The meaning of "sets do not allow duplicate values" is that when you add a duplicate to a set, the duplicate is ignored, and the set remains unchanged. This does not lead to compile or runtime errors: duplicates are silently ignored.

“集合不允许重复值”的含义是，当您向集合添加重复项时，将忽略重复项，并且该集合保持不变。这不会导致编译或运行时错误：重复项会被静默忽略。

You can tell that a value is a duplicate by checking the result of add, like this:

您可以通过检查 的结果来判断一个值是否重复add，如下所示：

Set<String> testSet = new HashSet<String>();
boolean first = testSet.add("hello");
System.out.println(first);             // Prints "true"
boolean second = testSet.add("hello");
System.out.println(second);            // Prints "false"

Because that's how sets are defined. An element can only exist once in a set, but that doesn't mean trying to add it a second time should be an error. It's just a no-op. This is fairly clear from the documentation, for instance, for Set#add:

因为这就是集合的定义方式。一个元素在一个集合中只能存在一次，但这并不意味着尝试第二次添加它应该是一个错误。这只是一个空操作。这从文档中很清楚，例如，对于Set#add：

Adds the specified element to this set if it is not already present (optional operation). ... If this set already contains the element, the call leaves the set unchanged and returns false. In combination with the restriction on constructors, this ensures that sets never contain duplicate elements.

如果指定的元素尚不存在，则将其添加到此集合中（可选操作）。... 如果此集合已包含该元素，则调用将保持该集合不变并返回 false。结合对构造函数的限制，这确保了集合永远不会包含重复的元素。

Among other things, this lets you happily add to sets without worrying, and know that the result will only ever have unique values in it.

除此之外，这让您可以愉快地添加到集合中而不必担心，并且知道结果中只会有唯一的值。

Declared one set and add duplicate value but no any kind of error are occur, no compile time error no run time. Why?

声明一组并添加重复值但没有发生任何类型的错误，没有编译时错误没有运行时。为什么？

Because it's not an error. But note that you did(or could have) received an indication that the value was already present: The addmethod's return value (see link above) tells you: "trueif this set did not already contain the specified element"

因为这不是错误。但请注意，您确实（或可能）收到了该值已经存在的指示：该add方法的返回值（请参阅上面的链接）告诉您：“true如果此集合尚未包含指定的元素”

Set (Oracle Documentation)

设置（Oracle 文档）

A collection that contains no duplicate elements. More formally, sets contain no pair of elements e1 and e2 such that e1.equals(e2), and at most one null element.
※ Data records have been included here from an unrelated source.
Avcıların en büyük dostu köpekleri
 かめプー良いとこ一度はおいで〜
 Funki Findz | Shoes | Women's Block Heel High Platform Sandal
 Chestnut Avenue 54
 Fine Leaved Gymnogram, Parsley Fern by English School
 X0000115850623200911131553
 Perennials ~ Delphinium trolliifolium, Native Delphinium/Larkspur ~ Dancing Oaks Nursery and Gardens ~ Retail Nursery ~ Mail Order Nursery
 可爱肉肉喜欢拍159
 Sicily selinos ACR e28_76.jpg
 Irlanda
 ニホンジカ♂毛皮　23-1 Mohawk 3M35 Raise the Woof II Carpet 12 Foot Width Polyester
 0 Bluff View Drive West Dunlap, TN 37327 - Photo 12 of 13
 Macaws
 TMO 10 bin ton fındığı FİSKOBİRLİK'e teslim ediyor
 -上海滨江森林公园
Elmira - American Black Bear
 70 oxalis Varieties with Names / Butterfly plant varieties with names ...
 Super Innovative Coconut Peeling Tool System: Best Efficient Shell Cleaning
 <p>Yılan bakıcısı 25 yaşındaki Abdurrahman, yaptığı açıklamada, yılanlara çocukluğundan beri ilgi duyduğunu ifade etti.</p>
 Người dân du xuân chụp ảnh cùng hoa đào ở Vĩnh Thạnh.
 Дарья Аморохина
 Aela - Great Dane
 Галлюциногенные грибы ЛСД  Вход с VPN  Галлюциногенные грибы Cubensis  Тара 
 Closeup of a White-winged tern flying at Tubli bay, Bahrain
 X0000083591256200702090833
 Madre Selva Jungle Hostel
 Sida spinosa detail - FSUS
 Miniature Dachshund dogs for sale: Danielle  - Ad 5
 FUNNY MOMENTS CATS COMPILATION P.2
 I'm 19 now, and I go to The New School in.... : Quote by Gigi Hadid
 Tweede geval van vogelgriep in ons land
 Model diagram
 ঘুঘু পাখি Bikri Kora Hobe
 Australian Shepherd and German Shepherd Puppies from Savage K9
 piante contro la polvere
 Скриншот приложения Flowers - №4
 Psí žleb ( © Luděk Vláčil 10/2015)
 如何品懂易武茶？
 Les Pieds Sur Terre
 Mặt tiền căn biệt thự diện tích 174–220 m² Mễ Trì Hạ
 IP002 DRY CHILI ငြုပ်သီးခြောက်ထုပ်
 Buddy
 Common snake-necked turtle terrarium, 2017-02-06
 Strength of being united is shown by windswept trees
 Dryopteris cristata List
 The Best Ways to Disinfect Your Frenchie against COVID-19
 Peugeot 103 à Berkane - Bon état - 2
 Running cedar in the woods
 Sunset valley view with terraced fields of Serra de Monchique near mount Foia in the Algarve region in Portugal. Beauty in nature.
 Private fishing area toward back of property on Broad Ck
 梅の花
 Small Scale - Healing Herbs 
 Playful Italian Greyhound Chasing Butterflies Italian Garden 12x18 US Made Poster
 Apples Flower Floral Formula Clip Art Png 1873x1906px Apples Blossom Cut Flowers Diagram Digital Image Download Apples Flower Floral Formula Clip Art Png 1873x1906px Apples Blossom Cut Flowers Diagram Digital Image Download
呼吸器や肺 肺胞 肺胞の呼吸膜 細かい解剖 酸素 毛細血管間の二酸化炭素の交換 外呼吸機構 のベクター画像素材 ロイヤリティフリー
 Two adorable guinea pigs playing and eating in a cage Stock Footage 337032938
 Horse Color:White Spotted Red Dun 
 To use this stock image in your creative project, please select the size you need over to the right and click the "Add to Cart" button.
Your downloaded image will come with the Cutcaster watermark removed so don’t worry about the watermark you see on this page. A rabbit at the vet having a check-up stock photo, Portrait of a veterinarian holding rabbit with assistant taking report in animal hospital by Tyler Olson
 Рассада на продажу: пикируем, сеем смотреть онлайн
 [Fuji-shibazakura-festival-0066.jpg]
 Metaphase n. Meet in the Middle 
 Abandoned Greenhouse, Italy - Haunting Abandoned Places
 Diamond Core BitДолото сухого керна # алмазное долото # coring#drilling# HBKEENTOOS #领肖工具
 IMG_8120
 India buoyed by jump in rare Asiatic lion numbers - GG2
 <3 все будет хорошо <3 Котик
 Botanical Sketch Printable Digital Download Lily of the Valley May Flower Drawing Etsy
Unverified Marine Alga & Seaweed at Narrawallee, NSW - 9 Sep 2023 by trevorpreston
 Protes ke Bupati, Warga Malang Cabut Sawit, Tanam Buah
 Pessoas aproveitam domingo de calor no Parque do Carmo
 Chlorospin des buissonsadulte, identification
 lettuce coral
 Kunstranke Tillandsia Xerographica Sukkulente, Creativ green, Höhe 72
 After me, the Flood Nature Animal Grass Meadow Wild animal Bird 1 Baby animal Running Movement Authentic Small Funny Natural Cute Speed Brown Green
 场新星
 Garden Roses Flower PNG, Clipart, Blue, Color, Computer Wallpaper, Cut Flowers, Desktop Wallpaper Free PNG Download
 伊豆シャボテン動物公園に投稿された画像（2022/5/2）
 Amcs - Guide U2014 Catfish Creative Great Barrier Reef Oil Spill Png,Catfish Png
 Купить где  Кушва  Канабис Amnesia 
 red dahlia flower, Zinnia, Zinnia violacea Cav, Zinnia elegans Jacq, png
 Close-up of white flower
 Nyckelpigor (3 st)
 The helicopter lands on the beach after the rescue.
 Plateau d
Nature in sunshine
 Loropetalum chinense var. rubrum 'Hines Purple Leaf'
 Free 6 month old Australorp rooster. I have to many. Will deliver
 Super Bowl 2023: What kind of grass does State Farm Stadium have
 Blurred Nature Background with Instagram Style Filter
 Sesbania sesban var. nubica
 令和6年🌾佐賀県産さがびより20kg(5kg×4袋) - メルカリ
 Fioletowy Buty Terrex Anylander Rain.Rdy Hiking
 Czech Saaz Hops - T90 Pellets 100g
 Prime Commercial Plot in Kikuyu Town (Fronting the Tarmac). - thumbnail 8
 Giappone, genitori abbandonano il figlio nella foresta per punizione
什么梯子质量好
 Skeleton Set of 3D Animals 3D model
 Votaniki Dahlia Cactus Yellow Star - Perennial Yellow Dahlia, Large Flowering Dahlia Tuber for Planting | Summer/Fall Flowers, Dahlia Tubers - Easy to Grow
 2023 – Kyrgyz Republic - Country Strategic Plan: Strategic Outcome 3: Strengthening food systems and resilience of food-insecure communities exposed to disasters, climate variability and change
As implied by its name, this interface models the mathematical set abstraction.

不包含重复元素的集合。更正式地说，集合不包含一对元素 e1 和 e2，使得 e1.equals(e2)，并且最多包含一个空元素。正如其名称所暗示的那样，该接口对数学集合抽象进行建模。

See: http://docs.oracle.com/javase/7/docs/api/java/util/Set.html

请参阅：http: //docs.oracle.com/javase/7/docs/api/java/util/Set.html

Set (Methematics) - Quoting from wikipedia

集合（数学） - 引自维基百科

In mathematics, a set is a collection of distinct objects, considered as an object in its own right.

在数学中，集合是不同对象的集合，它们本身就是一个对象。

Add Method

添加方法

According to the documentation of the interface, if the element does not exist it is added. Otherwise, nothing changes.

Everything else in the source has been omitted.